English courts have in the last 12 months seen a noticeable number of cases against UK parent companies involved with subsidiaries accused of human rights breaches. Given that parents and subsidiaries are treated as separate entities with each responsible for their own activities, victims seeking to bring claims against parents for the activities of subsidiaries have to demonstrate that a parent owed them a duty of care.
The common law concept of a duty of care was set out in the case of Caparo Industries plc v Dickman which found that a party alleging to be owed a duty of care must first establish that the alleged damage was foreseeable, that there was proximity in the relationship between the party owing the duty and the party alleging damage and that it would be fair, just and reasonable to impose the duty.

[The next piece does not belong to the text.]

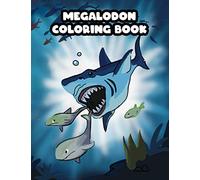 Megalodon Coloring Book: The Biggest Shark in the World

In relation to parent companies owing third parties a duty of care, English courts have held that this could take place under two conditions:
where the parent has taken over the management of the relevant activity of the subsidiary in place of the subsidiary’s own management; or
where the parent has given relevant advice to the subsidiary about how it should manage a particular risk.
Duty of care falls short
Those two conditions were applied in AAA & Others v Unilever PLC and Unilever Tea Kenya Limited, a Court of Appeal case decided in July 2018 which concerned an attempt by Kenyan claimants to sue Unilever—a company registered in the UK—for the way Unilever’s Kenyan subsidiary (UTKL) had dealt with an outbreak of violent ethnic clashes at its plantation. The Court of Appeal held that the claimants had failed to show that either of the two conditions above applied to Unilever’s relationship with UTKL concluding that UTKL ‘was responsible itself for devising its own risk management policy and for handling the severe crisis which arose’. Accordingly, Unilever did not owe the claimants a duty of care.
This case when viewed alongside the two contrasting decisions of Lungowe v Vedanta and Okpabi v Royal Dutch Shell Plc presents a conflicting picture as to the amount of control required to be exercised by a parent company for them to be held liable for the activities of a subsidiary. More importantly, the cases highlight the limitations of the concept of a duty of care as a means of extending access to justice to victims claiming against UK parent companies.
A distinct statutory strict liability tort
Given the right of victims to effective state and non-state remedies under the UN Guiding Principles on Business and Human Rights, the UK has an obligation to improve access to justice in such cases through legislative means among others.
As such, a way round the limitations of the duty of care may be for the UK to introduce a distinct law founded on holding parents to account based on the economic benefit they derive from activities of subsidiaries. Under such a proposal, provided a UK parent company is involved with a subsidiary accused of major human rights abuses/breaches of environmental obligations, the parent would be held liable.
The statutory tort would of course be limited to major breaches of recognised national, international human rights/environmental principles ideally drawn from countries’ treaty obligations. Further, due to this being a strict liability tort, it would be no defence for a parent to argue that it exercised control/due diligence prior to the damage. Lastly, account would need to be made of the likelihood of parallel proceedings and double recovery in other jurisdictions.
Whilst certainly ambitious, the suggestion of replacing the duty of care with a statutory alternative in respect of parent liability has been suggested in other quarters with a notable contribution coming from the late Gwynne Skinner who argued for a similar approach to be applied to breaches of international human rights and environmental obligations occurring in ‘high-risk’ countries. Another contribution worth noting is that suggested by Amnesty International and the Business & Human Rights Resource Centre who propose a duty of care or ‘duty to prevent’ harm established by law. The ability to control, and not actual control, would be enough as a basis for liability under such a proposal.
There is no escaping the conclusion that using the duty of care approach to hold parents to account is unsatisfactory, both as a means of improving access to justice for victims and as a mechanism for determining the nature of the relationship between parents and their subsidiaries. The Supreme Court appeal hearing in Lungowe v Vedanta in January 2019 may go some way in clarifying the law but even that would not be a substitute for a distinct statutory tort specifically designed to address the parent/subsidiary relationship and access to justice.